The Visually Pleasing, Fully Functioning, Designed, Website


MOAA architects site is well designed and thought out. From the color scheme to the functionality of the website, I’d have to say this webpage is well thought out.  When first visiting the webpage, the user is greeted with a vertical navigation that is divided into five sections. When hovering over these sections, the section name is replaced with words that describe the section.

Once the user clicks on the section, the section expands below showing picture content. Additionally, the user can hover over the content to see what sub-section is named.  After clicking the sub-section, the page expands and reveals the content. An added bonus to these fully revealed sections is that the beginning sub-section remains just below so the user can navigate to another topic within the sub-section.

Also, a collapse button is featured so that the user can quickly return to the beginning navigation menu, and choose another section of the site.

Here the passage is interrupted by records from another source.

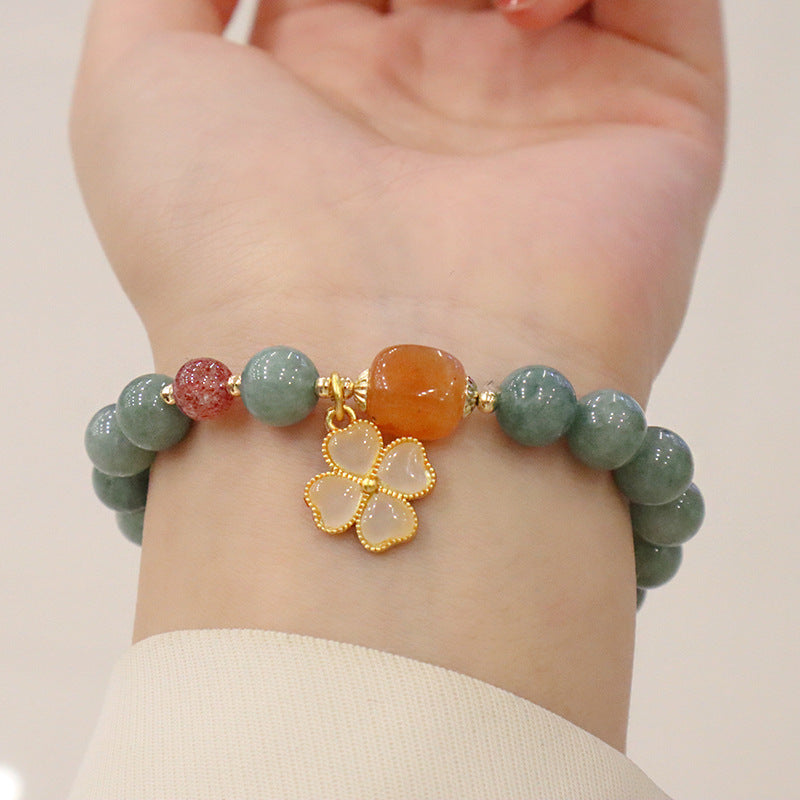 Jade Four Leaf Clover Charm Prosperity Bracelet - Fortune & Karma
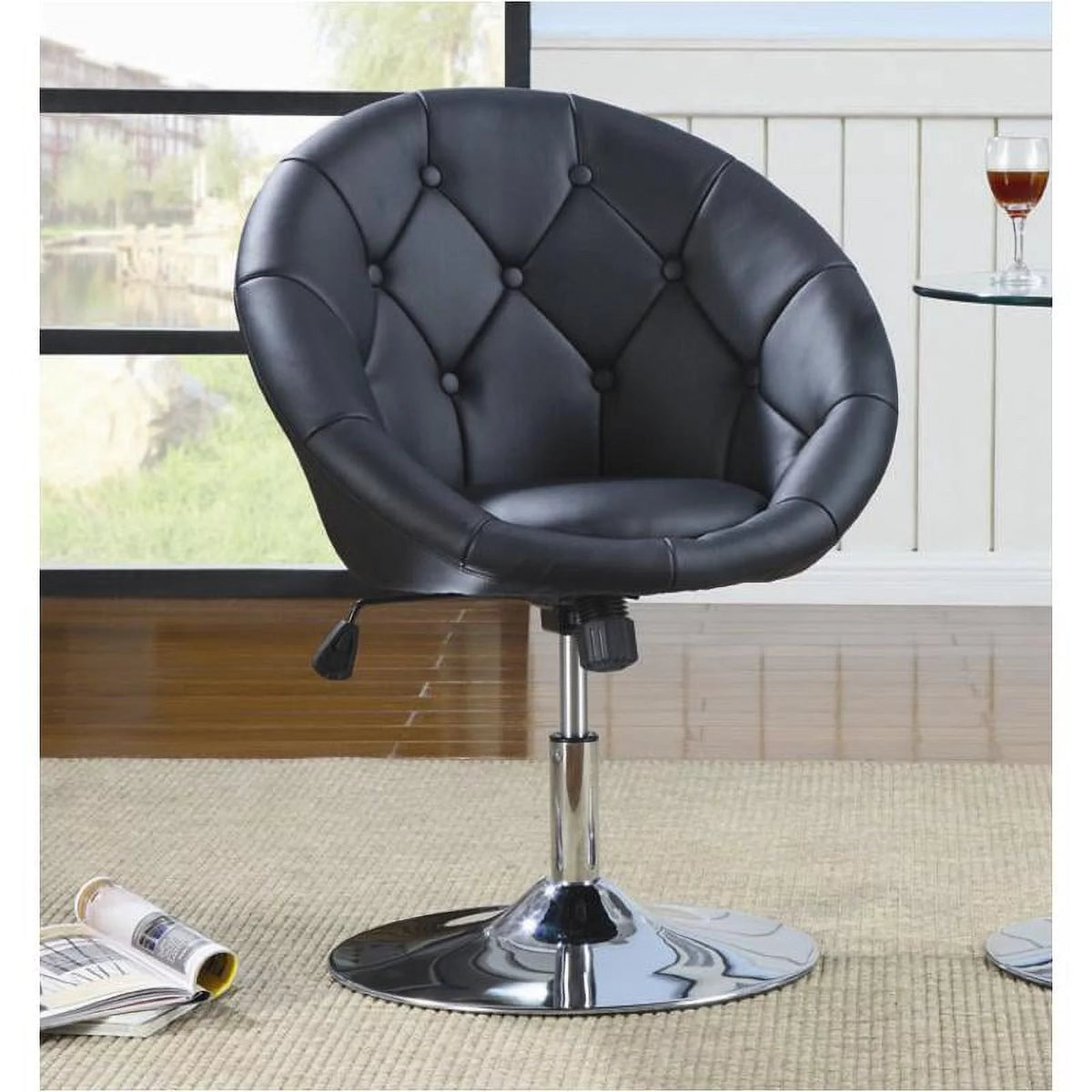 Black Faux Leather Swivel Accent Chair T9850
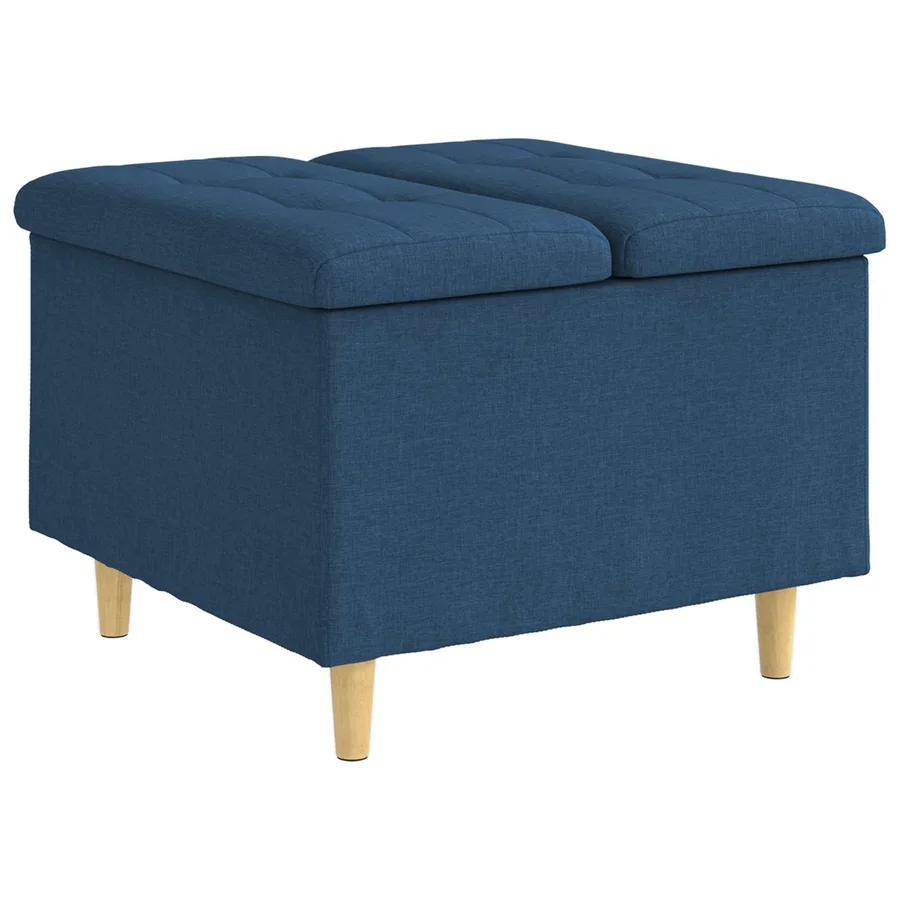 Pouf de rangement avec coussin Bleu 60 x 60 x 45 cm tissu - 2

The Confusing, Dysfunctional, Crappy Website


Designed by Dave is a site that doesn’t utilize important and key techniques in web design. The biggest qualm that I have with this site is its lack of organization. Which as we all know, is the most important part in design. The website maybe aesthetically pleasing to some, its lack of organization and functionality make this website a poor model for single page websites. When first visiting this page, the user is greeted with large text greeting that goes through some more slides of large text introducing Dave, the designer of the page. The page is divided in five sections that start from the mid-top of the page to the bottom. Right underneath the greeting is a section called work. It is here where the content is placed in a three-column by three-row grid. There is no indication that there maybe more sections down below, which is a major flaw in the design of the website. The whole point of single page website is that they are easily navigated and organized very well. This site doesn’t seem to accomplish either of those key techniques in web design. The user must scroll all the way to the bottom to see all of the content. This is an annoyance, but what is more annoying is that once the user reaches the bottom, there is no way to get back to the top of the webpage except by scrolling. All in all, this site is by no means a role model for the successful single page websites.

The Amazing, Beegie Adair


For exercise five I am choosing a jazz inspired pianist for my band.  I would like to redesign her website. Her current page utilizes a horizontal navigation and is divided into 10 sections, which is quite plain. The color scheme is not something I’m in love with, but I can sort of understand what the designer is going for. The site is either one box or sometimes an additional skinnier column on the left for additional navigation in the section about her music. I think this webpage may benefit from a single page website due to the functionality with interactive tendencies single page sites have. This site is consistent and organized, but I think it lacks design. The content isn’t over bearing and this site could use a definitely use a face-lift.